Maus: A Survivor’s Tale is surprisingly more than just another graphic novel. It is more or so a piece of art that explores one of the world’s greatest tragedies. The novel follows the story of Vladek Spiegelman living through the Holocaust as his son, Art, interviews him for a book he’s writing. Through this story Spiegelman’s main pursuit within the novel is to highlight the conflict of race within Europe at the time of the Holocaust. He does this by depicting various races of people as animals. In doing so he looks to highlight the differences between the groups during this tragic time while also raising sympathy within the reader for the targeted Jewish race. The German’s are depicted as cats and are the oppressors of the Jewish population which are shown as mice. Other races appear such as the Polish population as pigs and Americans as dogs but their importance is not as distinctly beneficial to the story.
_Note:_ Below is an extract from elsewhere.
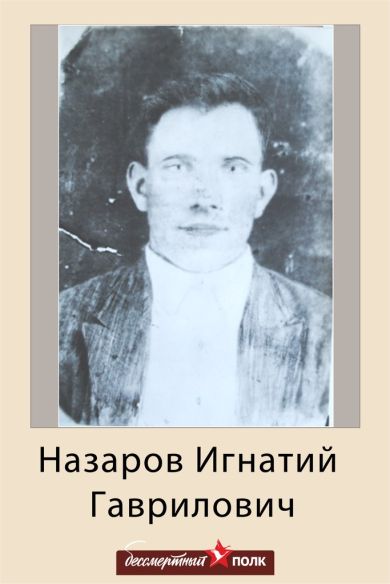 Назаров Игнатий Гаврилович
Spiegelman had specific motives behind his picks for the main groups of conflict within his story. He chose these two animals because of their common conflicts within nature. Just as cats attack mice in the wild the German Nazi’s attacked the Jewish population during the Holocaust. He wants the reader to easily assimilate this idea. By using cats and mice Spiegelman looks to express to his reader just how dire the situation is for the Jews. He wants to trivialize them for his readers to express just how bad the conditions were. In doing so he looks to create a sense of sympathy for the oppressed people. He wants the reader to root for the Jewish people as they look to overcome the oppression of the German Natzi’s.
The interactions between the German Nazi’s and Jewish people are also shown with great hostility. The Nazi’s commonly refer to the Jewish people as “Jew” as if the term degrades them as something less than human. The is seen in one instance after Vladek is captured as a soldier and is told, “well, Jew, don’t worry. We’ll find work for you” (51). The German’s regard for the Jewish people is seen as cold, almost as if they’re disgusted by the task of having to talk to anyone of Jewish heritage.
Spiegelman’s highlight of the theme of race is seen quite easily throughout his graphic novel, Maus: A Survivor’s Tale. Through his depiction of the German Nazi’s and Jewish people as specific animals he is able to trivialize the Jewish people in order to express the horror’s around their situation within the Holocaust.